» THE RECORDS:
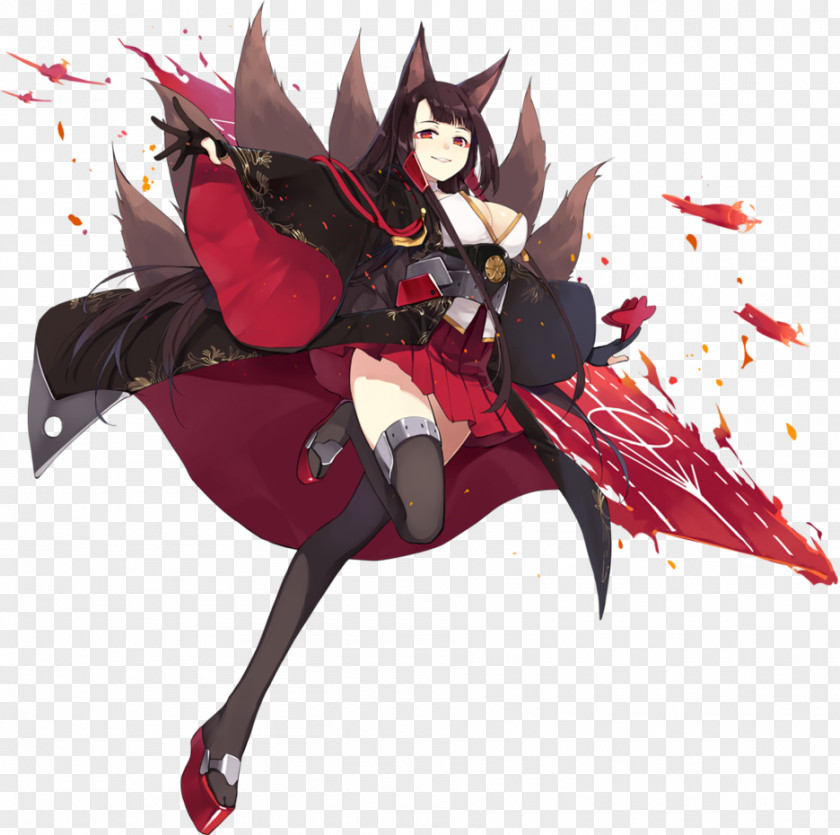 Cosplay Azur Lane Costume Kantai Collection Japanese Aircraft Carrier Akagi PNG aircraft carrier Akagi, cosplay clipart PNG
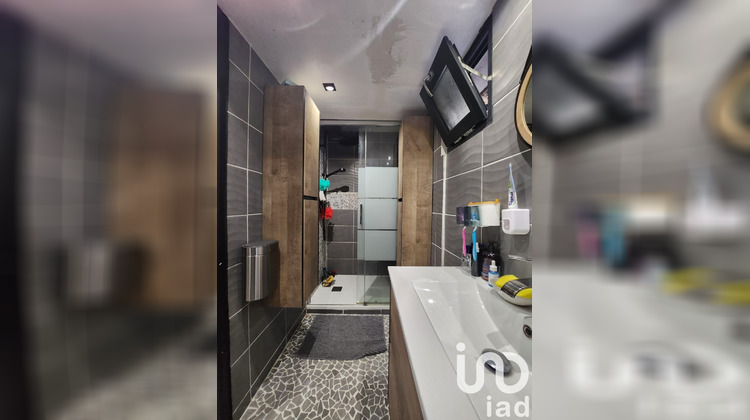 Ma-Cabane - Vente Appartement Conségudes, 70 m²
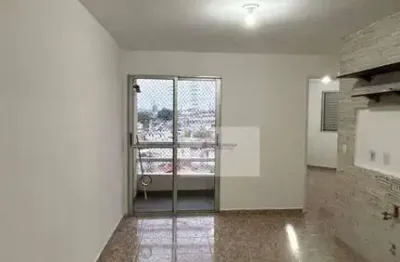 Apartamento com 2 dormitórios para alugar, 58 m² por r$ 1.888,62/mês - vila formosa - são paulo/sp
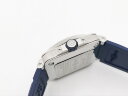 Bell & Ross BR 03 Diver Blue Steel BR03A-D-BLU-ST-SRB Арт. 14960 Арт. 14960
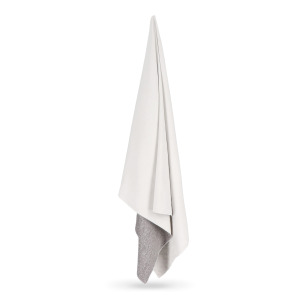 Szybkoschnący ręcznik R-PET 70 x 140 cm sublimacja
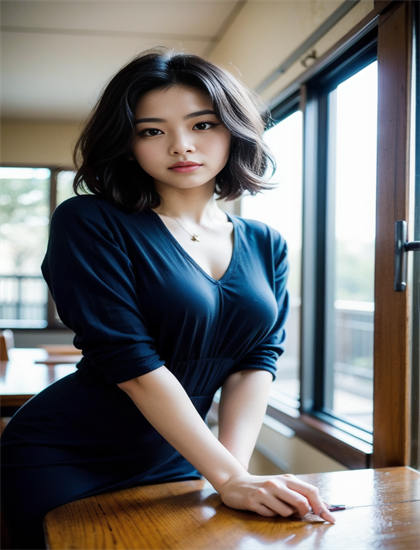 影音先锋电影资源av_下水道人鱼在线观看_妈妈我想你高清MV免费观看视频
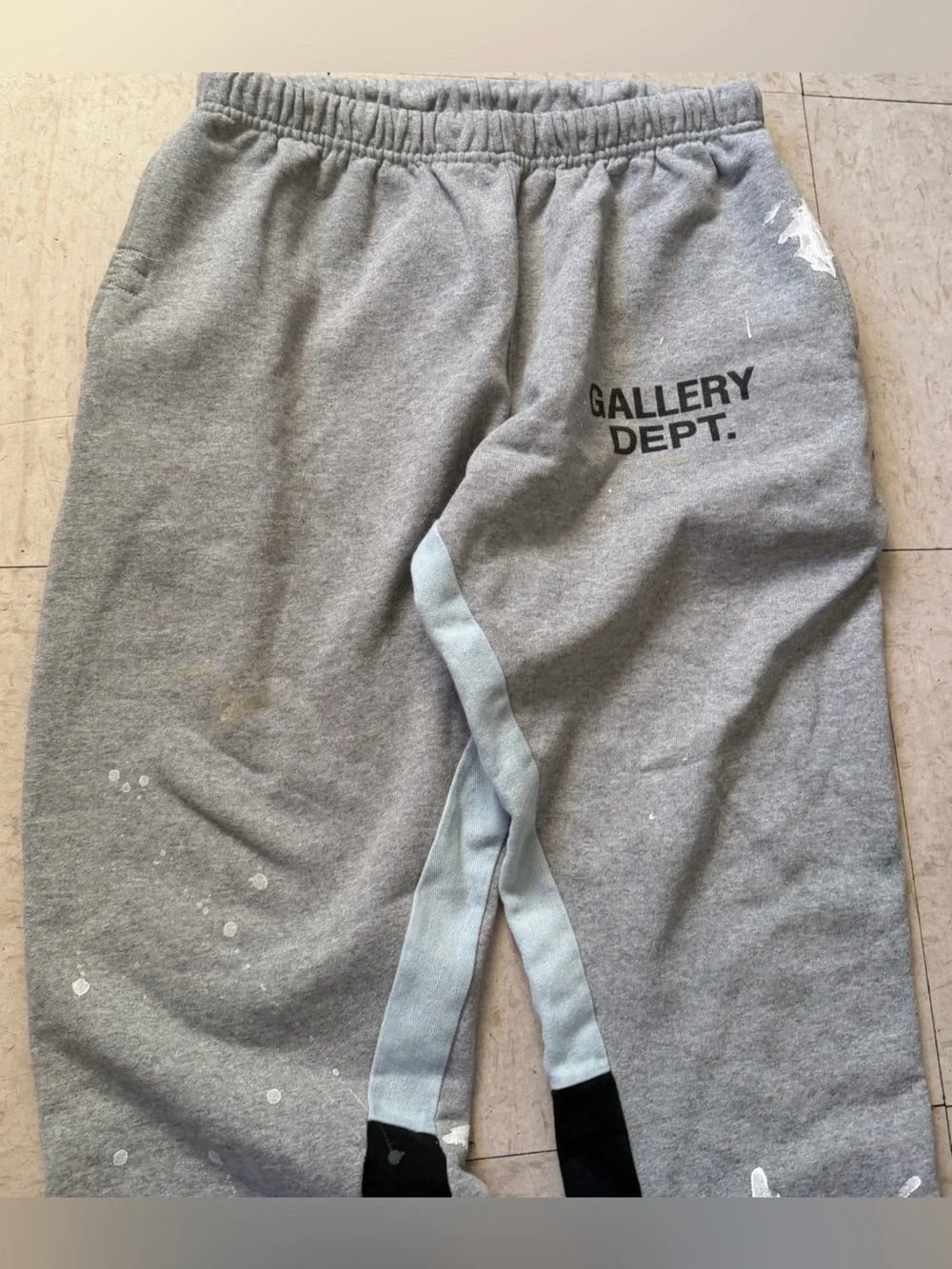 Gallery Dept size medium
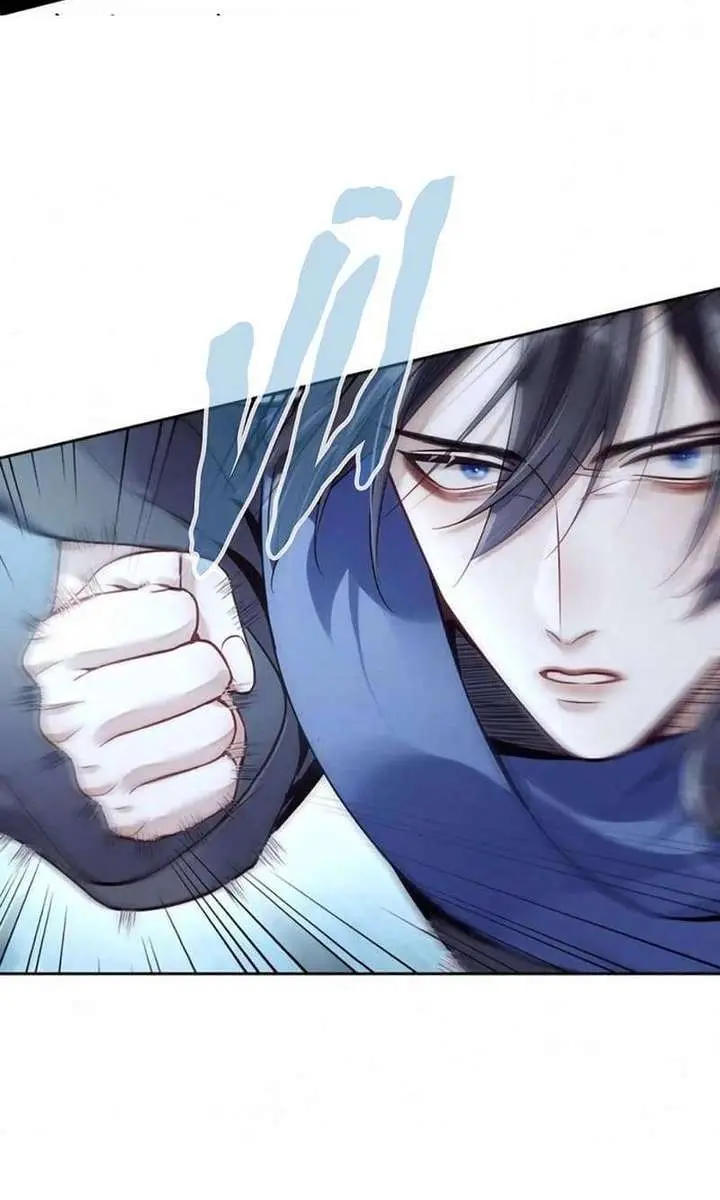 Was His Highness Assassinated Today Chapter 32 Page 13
--
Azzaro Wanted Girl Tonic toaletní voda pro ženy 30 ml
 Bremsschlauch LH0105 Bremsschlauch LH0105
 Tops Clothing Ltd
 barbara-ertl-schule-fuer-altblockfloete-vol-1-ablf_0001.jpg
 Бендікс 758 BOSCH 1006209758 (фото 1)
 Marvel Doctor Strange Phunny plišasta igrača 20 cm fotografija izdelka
* * *
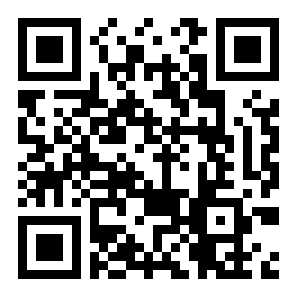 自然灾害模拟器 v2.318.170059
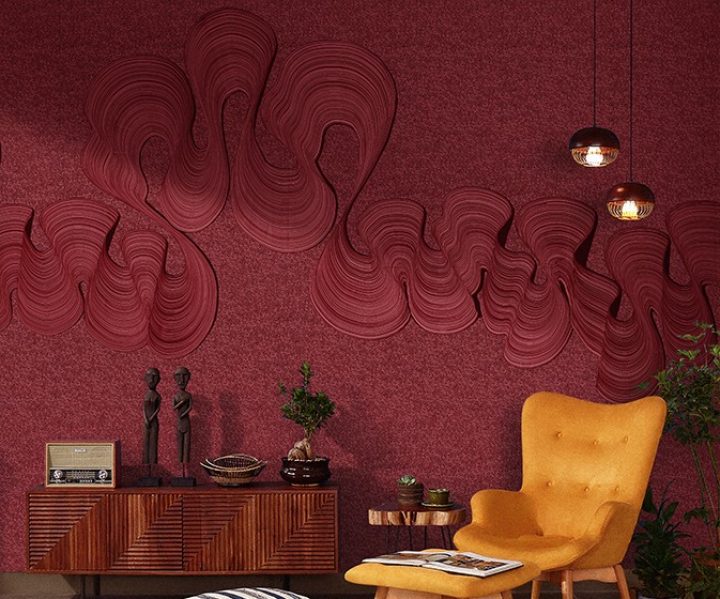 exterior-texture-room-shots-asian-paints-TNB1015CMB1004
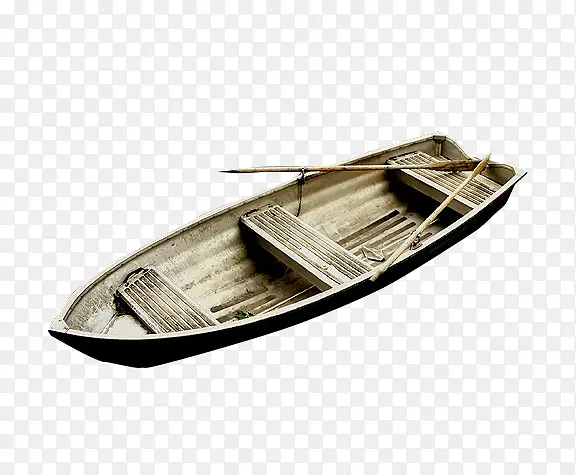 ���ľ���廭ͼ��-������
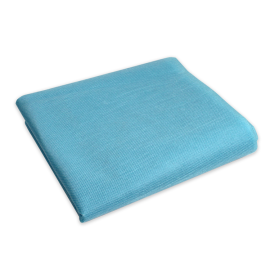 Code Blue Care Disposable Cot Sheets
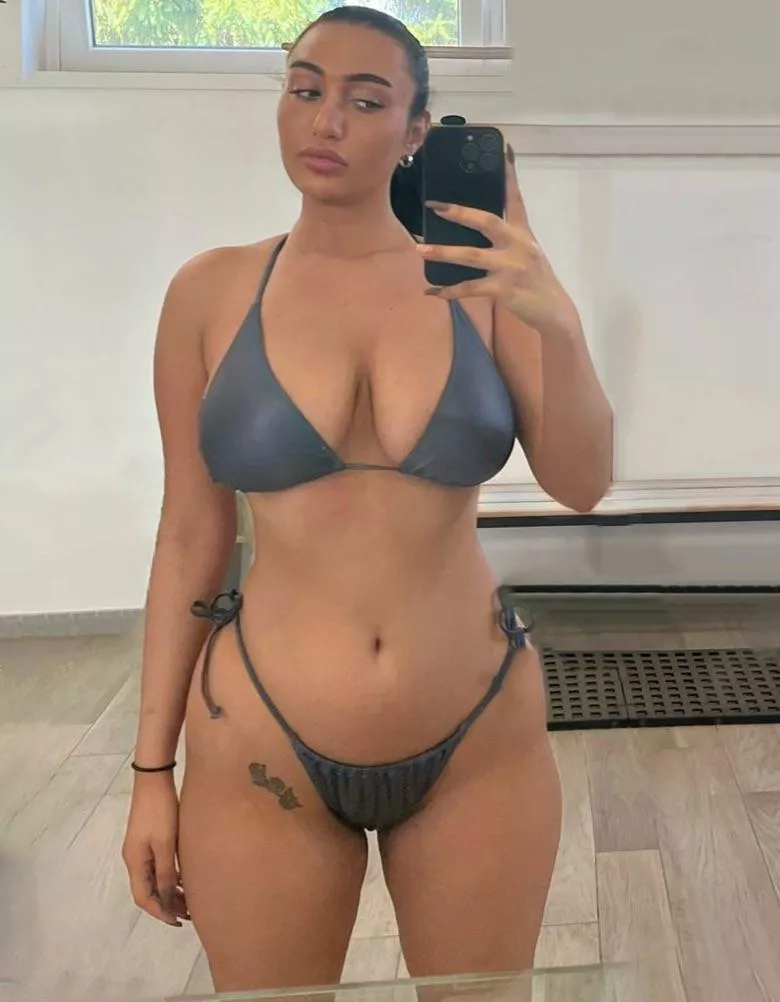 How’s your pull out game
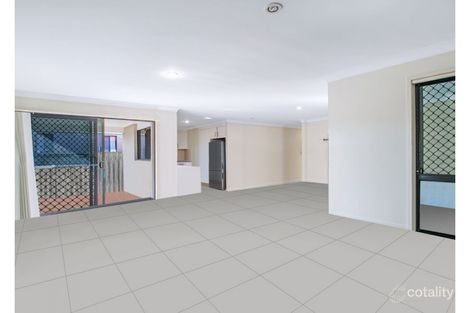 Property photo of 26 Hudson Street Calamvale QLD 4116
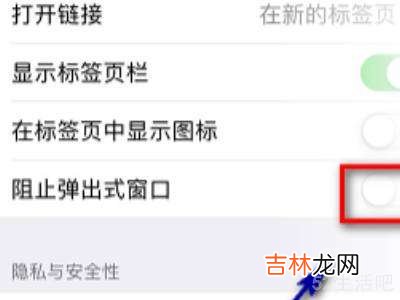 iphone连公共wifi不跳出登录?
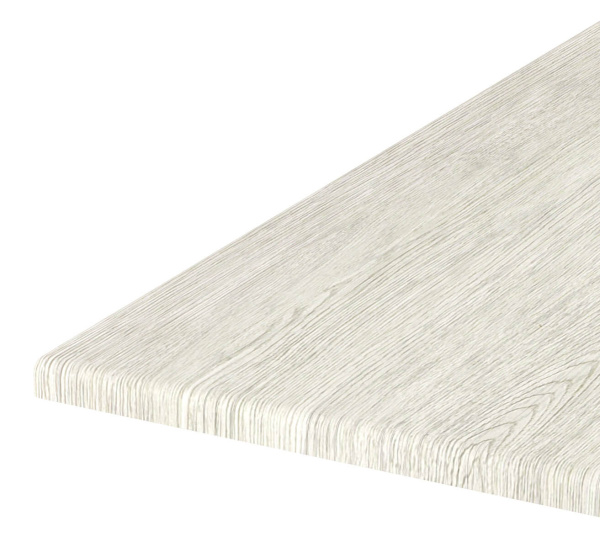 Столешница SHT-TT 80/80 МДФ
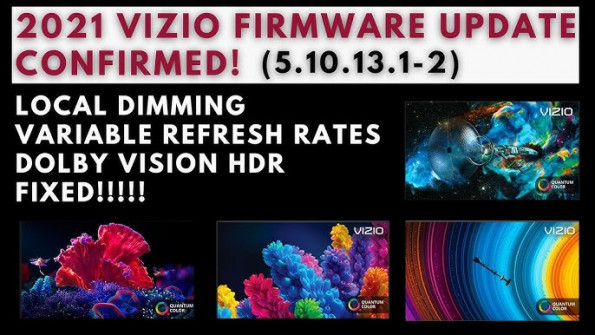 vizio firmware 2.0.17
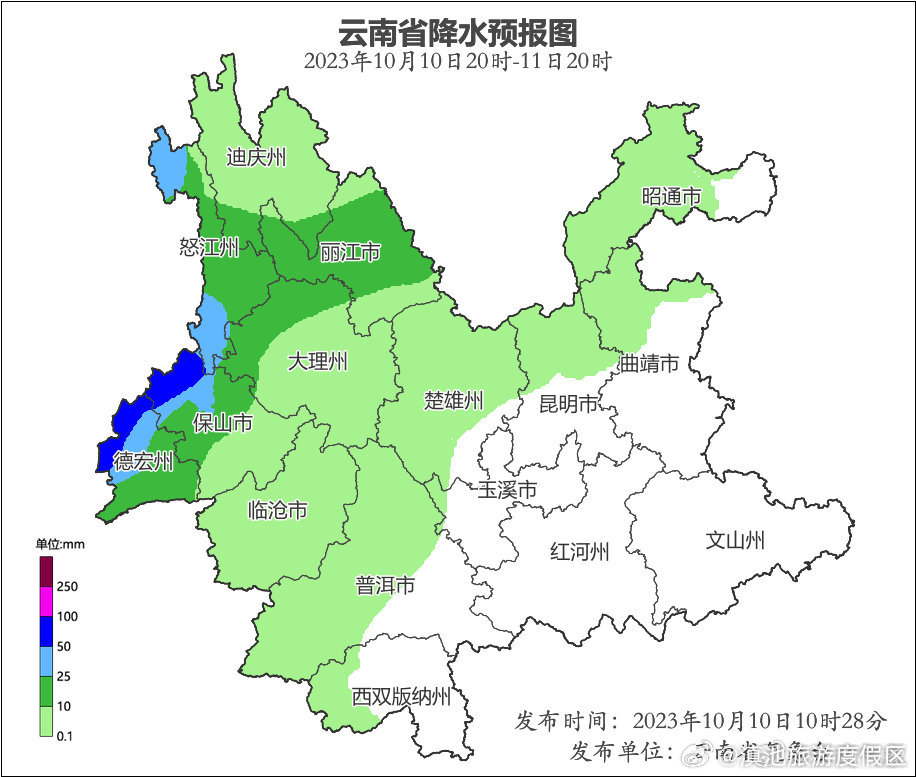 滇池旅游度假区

» YOUR TASK: Please, from the entries above, set down exactly the lines from the one containing "barbara-ertl-schule-fuer-altblockfloete-vol-1-ablf_0001.jpg" through the one containing "Marvel Doctor Strange", and only those.

» WRITTEN RESPONSE:
 barbara-ertl-schule-fuer-altblockfloete-vol-1-ablf_0001.jpg
 Бендікс 758 BOSCH 1006209758 (фото 1)
 Marvel Doctor Strange Phunny plišasta igrača 20 cm fotografija izdelka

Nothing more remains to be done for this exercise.